YOUR OBJECTIVE:
Scan the records below. Report the number of lines containing the word "Outdoor", and nothing more.

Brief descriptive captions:

###

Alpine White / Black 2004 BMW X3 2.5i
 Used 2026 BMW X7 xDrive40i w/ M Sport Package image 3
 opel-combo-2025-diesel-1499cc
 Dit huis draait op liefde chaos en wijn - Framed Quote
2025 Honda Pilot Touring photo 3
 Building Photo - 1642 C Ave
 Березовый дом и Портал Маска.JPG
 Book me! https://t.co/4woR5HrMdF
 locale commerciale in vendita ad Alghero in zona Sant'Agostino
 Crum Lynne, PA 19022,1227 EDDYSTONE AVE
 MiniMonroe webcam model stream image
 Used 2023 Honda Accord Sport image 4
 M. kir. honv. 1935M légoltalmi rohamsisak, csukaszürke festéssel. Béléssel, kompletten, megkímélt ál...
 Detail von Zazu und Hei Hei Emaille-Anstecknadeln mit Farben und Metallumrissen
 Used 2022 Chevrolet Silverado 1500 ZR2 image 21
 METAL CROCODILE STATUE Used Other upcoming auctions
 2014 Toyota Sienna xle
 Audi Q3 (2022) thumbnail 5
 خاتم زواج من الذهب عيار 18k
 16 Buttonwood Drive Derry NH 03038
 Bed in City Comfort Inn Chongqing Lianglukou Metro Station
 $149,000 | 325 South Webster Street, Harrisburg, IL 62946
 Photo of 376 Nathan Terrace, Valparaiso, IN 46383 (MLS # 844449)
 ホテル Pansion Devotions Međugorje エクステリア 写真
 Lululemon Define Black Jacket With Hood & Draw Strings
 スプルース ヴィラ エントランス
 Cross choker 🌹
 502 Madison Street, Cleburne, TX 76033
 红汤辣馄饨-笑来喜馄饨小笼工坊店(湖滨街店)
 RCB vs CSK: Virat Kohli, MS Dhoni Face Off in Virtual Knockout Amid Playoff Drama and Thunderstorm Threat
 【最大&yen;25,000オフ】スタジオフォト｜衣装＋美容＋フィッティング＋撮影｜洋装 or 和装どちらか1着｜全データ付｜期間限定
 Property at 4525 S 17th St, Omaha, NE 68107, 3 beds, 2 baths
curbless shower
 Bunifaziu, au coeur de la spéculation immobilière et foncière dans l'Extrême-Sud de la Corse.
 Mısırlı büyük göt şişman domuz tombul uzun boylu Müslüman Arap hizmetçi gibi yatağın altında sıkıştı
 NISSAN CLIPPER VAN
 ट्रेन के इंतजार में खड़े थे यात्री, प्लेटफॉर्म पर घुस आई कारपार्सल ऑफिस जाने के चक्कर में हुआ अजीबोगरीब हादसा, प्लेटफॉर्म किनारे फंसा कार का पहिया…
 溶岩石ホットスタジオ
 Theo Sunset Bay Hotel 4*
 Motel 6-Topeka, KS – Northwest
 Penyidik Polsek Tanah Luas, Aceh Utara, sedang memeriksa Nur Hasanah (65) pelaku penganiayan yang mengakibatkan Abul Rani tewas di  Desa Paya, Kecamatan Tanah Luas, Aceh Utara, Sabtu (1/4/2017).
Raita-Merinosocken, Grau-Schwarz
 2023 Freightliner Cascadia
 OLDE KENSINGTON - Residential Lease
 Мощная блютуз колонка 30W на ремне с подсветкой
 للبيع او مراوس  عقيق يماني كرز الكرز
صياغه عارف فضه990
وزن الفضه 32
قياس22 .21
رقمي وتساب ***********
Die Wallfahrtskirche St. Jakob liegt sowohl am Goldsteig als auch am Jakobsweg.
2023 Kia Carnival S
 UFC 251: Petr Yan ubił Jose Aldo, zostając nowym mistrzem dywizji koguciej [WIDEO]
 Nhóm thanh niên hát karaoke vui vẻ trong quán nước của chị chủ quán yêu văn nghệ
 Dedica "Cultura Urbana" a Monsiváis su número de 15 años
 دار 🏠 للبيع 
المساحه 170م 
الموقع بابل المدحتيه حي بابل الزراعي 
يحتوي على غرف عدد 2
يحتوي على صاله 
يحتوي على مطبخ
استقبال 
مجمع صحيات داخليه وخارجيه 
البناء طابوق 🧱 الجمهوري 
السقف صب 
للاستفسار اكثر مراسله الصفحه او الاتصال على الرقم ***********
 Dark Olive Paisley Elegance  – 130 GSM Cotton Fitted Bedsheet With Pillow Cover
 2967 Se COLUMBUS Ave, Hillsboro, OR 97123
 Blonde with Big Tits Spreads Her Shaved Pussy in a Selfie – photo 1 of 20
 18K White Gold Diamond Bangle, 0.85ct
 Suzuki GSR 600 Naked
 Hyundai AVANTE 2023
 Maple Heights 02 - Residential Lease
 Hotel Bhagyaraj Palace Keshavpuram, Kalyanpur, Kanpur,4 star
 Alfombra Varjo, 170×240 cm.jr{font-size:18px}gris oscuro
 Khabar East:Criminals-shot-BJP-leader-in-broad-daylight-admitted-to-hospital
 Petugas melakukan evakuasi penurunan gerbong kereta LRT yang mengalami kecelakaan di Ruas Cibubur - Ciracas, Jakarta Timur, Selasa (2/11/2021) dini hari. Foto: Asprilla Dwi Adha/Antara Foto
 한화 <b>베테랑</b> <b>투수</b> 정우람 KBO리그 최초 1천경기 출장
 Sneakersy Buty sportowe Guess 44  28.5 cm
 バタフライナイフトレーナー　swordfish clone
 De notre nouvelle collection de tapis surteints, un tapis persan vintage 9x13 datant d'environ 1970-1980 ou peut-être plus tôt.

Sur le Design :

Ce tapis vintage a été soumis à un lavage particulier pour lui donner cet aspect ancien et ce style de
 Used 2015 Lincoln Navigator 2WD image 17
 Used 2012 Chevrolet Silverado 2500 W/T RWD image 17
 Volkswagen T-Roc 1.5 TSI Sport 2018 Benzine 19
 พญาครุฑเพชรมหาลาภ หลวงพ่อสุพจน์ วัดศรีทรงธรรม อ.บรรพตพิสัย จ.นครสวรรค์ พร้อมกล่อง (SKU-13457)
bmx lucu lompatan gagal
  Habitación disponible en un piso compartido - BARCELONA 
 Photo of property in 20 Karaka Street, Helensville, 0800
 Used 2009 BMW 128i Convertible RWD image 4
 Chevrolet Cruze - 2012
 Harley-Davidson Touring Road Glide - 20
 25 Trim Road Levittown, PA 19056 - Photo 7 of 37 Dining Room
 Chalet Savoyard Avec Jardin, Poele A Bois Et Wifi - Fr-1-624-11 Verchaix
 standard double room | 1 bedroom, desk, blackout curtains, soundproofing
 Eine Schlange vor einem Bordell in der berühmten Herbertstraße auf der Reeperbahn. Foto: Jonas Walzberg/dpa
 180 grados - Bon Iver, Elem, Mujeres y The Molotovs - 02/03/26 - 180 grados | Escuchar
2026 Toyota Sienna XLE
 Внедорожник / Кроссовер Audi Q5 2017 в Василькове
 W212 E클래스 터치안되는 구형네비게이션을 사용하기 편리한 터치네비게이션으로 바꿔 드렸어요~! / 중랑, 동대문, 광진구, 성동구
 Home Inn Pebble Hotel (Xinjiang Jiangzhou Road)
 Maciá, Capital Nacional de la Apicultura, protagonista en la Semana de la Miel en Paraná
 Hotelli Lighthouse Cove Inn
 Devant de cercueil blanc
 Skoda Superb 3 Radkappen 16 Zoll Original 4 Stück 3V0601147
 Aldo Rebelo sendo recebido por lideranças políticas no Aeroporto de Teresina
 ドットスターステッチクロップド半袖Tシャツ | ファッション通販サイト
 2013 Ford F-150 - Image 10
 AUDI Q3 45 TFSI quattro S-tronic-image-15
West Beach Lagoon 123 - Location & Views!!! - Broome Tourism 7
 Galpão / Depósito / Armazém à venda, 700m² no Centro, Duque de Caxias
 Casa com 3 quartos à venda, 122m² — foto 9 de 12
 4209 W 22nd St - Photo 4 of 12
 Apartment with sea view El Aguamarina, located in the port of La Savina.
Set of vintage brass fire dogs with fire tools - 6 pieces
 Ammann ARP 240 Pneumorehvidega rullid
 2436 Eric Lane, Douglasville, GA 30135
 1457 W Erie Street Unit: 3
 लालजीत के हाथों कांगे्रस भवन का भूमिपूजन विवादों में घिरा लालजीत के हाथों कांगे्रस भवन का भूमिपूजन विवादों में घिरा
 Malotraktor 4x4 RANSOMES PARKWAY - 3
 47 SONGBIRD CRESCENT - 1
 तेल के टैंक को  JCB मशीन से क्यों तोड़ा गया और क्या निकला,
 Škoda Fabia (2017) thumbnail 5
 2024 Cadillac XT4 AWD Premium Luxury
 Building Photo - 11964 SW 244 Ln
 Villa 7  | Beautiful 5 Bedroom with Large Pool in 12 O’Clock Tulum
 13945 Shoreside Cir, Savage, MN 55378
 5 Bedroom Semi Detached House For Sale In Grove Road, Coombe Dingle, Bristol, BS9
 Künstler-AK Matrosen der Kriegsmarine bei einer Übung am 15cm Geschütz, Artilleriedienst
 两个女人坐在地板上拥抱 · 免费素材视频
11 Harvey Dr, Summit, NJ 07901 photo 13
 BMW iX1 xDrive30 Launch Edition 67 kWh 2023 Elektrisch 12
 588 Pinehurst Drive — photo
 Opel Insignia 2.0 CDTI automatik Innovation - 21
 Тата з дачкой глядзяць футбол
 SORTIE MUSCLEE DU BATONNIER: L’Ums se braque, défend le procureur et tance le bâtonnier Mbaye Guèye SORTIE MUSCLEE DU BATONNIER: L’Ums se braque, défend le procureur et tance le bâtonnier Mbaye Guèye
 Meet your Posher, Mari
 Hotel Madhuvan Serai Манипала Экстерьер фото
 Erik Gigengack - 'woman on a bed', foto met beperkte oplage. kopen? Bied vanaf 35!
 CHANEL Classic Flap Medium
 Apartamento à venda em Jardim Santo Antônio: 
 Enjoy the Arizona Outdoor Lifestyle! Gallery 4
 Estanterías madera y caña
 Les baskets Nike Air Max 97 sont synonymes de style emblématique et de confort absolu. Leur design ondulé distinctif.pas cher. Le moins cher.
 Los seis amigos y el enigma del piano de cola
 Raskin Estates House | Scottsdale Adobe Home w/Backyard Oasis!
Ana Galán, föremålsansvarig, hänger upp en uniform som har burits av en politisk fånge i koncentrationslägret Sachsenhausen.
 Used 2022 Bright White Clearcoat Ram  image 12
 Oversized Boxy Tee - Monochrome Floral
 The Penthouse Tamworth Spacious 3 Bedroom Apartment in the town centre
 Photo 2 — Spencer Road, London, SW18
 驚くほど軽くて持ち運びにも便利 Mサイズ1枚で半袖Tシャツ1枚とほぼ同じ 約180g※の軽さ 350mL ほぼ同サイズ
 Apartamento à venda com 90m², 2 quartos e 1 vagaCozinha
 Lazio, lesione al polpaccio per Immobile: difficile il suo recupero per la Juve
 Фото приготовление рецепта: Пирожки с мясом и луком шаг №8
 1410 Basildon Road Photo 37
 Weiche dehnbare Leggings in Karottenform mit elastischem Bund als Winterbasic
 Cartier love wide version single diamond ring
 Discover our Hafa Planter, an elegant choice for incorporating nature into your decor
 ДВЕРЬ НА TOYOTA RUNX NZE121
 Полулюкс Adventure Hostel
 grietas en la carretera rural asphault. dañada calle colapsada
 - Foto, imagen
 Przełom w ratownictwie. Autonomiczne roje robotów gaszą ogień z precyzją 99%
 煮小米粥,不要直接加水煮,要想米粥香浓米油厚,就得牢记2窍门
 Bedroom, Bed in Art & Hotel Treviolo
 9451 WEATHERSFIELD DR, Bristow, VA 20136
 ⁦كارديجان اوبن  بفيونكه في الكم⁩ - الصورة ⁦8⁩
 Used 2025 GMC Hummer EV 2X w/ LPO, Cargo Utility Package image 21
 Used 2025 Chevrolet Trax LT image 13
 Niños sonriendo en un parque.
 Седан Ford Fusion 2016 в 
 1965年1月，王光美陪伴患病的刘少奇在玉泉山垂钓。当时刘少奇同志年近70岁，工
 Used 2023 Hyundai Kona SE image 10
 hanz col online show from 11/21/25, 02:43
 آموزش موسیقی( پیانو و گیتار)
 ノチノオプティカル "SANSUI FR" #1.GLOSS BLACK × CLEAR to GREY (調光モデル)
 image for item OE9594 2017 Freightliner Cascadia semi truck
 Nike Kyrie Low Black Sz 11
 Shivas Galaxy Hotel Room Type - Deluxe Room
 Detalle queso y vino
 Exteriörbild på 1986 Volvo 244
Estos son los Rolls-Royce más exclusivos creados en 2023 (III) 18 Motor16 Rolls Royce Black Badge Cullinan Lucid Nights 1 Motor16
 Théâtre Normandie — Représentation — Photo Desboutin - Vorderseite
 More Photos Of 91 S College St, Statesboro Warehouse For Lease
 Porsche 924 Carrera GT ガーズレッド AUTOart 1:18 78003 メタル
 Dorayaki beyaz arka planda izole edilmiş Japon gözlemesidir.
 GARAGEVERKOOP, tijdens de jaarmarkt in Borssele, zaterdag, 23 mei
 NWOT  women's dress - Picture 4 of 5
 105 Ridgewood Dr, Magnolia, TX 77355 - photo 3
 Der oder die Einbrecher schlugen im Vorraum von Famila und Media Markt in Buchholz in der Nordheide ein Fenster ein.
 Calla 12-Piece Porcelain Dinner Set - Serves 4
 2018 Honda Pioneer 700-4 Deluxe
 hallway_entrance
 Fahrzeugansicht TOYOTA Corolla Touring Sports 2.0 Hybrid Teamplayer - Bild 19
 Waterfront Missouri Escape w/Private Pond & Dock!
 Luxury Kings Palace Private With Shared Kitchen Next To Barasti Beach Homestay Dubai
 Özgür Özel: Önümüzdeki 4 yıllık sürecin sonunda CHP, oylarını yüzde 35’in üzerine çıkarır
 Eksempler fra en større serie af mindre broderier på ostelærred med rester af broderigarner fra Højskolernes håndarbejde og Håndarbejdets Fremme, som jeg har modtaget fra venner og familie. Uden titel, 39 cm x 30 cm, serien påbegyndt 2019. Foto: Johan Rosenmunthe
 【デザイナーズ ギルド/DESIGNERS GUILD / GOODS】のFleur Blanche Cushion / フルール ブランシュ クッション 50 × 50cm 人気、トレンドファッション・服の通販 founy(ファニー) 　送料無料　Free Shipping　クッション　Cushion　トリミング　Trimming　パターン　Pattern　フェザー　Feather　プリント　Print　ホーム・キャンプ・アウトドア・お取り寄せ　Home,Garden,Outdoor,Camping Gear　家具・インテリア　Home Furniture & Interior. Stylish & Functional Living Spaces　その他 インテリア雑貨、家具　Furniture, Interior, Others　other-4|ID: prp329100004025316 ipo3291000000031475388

###

WRITTEN SOLUTION:
2